* **Task description**
When the line containing "Photo 11 from" is found in the data below, copy it and each line after it through the line containing "CUPRA Terramar 1.5", exactly and with no others.

* **Available records**
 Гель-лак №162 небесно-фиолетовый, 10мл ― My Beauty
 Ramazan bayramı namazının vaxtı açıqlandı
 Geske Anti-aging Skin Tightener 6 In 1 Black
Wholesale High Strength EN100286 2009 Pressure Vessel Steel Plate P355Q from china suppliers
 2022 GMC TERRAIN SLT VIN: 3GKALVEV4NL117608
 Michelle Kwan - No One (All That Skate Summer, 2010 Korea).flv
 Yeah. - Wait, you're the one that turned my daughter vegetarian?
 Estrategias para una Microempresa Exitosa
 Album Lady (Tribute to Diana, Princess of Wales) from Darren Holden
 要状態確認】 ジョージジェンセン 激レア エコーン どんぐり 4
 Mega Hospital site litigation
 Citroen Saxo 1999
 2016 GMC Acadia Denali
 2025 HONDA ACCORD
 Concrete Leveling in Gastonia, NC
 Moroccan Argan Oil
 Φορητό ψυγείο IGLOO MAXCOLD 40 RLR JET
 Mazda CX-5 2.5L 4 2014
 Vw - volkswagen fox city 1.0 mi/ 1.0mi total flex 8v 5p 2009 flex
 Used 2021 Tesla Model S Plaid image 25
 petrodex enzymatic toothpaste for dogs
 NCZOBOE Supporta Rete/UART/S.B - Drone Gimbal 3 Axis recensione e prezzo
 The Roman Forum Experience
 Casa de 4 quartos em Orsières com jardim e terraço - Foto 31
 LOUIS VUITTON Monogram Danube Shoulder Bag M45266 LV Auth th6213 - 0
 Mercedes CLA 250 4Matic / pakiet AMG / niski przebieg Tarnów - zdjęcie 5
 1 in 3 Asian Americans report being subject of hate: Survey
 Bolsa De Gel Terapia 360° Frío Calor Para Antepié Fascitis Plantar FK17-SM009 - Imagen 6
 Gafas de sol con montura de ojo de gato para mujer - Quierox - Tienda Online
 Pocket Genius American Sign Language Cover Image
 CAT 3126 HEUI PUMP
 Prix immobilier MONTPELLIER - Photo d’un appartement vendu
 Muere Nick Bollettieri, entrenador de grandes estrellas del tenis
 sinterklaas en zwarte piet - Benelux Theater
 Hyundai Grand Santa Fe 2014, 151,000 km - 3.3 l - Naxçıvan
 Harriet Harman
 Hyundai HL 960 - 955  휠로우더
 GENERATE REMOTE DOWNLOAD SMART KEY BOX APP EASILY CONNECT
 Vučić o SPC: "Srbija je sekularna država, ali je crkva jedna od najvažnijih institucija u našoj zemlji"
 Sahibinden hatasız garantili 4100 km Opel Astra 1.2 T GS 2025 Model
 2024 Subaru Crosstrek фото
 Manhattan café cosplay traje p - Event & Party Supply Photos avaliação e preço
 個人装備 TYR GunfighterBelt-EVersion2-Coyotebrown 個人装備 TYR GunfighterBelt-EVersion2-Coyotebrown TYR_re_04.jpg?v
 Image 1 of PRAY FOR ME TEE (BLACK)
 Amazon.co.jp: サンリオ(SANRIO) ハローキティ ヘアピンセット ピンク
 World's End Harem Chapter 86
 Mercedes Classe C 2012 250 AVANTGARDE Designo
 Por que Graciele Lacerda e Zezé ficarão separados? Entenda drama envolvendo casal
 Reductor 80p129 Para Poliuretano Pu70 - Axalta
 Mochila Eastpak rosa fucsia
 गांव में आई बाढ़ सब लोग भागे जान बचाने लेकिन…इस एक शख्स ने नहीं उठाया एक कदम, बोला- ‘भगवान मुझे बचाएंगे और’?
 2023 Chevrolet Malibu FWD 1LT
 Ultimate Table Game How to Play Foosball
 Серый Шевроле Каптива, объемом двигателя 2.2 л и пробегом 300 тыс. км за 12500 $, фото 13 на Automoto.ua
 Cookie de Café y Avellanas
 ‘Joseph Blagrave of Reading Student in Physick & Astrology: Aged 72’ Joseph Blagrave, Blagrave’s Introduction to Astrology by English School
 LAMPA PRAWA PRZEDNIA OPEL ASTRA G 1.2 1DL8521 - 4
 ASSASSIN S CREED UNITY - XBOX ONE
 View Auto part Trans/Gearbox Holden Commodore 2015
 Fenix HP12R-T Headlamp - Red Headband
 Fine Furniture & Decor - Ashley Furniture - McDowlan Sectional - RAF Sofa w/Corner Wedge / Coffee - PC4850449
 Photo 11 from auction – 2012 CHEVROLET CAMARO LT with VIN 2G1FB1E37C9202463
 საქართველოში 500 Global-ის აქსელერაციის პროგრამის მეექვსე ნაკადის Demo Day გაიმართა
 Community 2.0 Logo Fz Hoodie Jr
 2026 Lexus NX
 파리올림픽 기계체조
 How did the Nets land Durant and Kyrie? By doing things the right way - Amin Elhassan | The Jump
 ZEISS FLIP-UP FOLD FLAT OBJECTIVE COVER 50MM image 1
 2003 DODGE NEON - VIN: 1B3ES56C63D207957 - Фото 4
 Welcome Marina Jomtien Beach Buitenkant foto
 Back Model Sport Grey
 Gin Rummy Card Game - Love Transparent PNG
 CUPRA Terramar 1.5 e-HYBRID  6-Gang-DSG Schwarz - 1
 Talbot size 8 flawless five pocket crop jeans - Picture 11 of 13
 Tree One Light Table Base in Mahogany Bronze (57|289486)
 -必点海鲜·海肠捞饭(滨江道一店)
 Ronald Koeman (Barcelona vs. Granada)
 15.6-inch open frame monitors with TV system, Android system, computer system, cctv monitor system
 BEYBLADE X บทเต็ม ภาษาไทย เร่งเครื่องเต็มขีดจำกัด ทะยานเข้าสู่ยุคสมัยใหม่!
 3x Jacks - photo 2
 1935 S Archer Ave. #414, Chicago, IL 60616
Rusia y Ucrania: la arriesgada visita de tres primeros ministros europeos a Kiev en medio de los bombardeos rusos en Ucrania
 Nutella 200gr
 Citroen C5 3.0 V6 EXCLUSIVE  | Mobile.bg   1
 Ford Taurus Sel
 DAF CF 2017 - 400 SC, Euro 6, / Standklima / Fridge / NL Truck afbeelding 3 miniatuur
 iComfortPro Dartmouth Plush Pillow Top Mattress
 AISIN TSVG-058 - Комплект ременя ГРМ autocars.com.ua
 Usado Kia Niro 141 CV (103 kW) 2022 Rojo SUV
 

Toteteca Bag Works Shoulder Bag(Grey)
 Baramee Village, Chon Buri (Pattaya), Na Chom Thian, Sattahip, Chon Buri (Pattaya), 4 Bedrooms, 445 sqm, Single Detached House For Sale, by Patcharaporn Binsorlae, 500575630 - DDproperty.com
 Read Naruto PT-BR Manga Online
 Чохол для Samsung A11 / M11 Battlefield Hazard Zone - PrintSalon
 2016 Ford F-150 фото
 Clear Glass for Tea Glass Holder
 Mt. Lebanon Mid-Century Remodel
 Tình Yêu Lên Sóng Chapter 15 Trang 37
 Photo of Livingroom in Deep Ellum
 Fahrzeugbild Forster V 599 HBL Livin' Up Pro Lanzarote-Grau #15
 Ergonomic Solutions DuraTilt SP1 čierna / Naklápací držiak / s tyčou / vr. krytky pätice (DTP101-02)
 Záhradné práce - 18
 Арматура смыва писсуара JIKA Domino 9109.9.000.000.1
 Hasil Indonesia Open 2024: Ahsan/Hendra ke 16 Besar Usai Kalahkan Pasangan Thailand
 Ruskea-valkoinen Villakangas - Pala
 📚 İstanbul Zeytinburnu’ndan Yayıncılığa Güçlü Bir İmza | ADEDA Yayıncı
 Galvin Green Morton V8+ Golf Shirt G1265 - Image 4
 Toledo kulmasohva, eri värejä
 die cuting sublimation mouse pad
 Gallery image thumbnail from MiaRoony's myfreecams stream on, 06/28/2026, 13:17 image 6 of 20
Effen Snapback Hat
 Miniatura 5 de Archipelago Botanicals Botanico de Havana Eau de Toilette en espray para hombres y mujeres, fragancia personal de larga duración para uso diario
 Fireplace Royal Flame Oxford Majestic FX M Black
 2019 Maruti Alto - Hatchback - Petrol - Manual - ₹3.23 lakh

* **Task answer**
 Photo 11 from auction – 2012 CHEVROLET CAMARO LT with VIN 2G1FB1E37C9202463
 საქართველოში 500 Global-ის აქსელერაციის პროგრამის მეექვსე ნაკადის Demo Day გაიმართა
 Community 2.0 Logo Fz Hoodie Jr
 2026 Lexus NX
 파리올림픽 기계체조
 How did the Nets land Durant and Kyrie? By doing things the right way - Amin Elhassan | The Jump
 ZEISS FLIP-UP FOLD FLAT OBJECTIVE COVER 50MM image 1
 2003 DODGE NEON - VIN: 1B3ES56C63D207957 - Фото 4
 Welcome Marina Jomtien Beach Buitenkant foto
 Back Model Sport Grey
 Gin Rummy Card Game - Love Transparent PNG
 CUPRA Terramar 1.5 e-HYBRID  6-Gang-DSG Schwarz - 1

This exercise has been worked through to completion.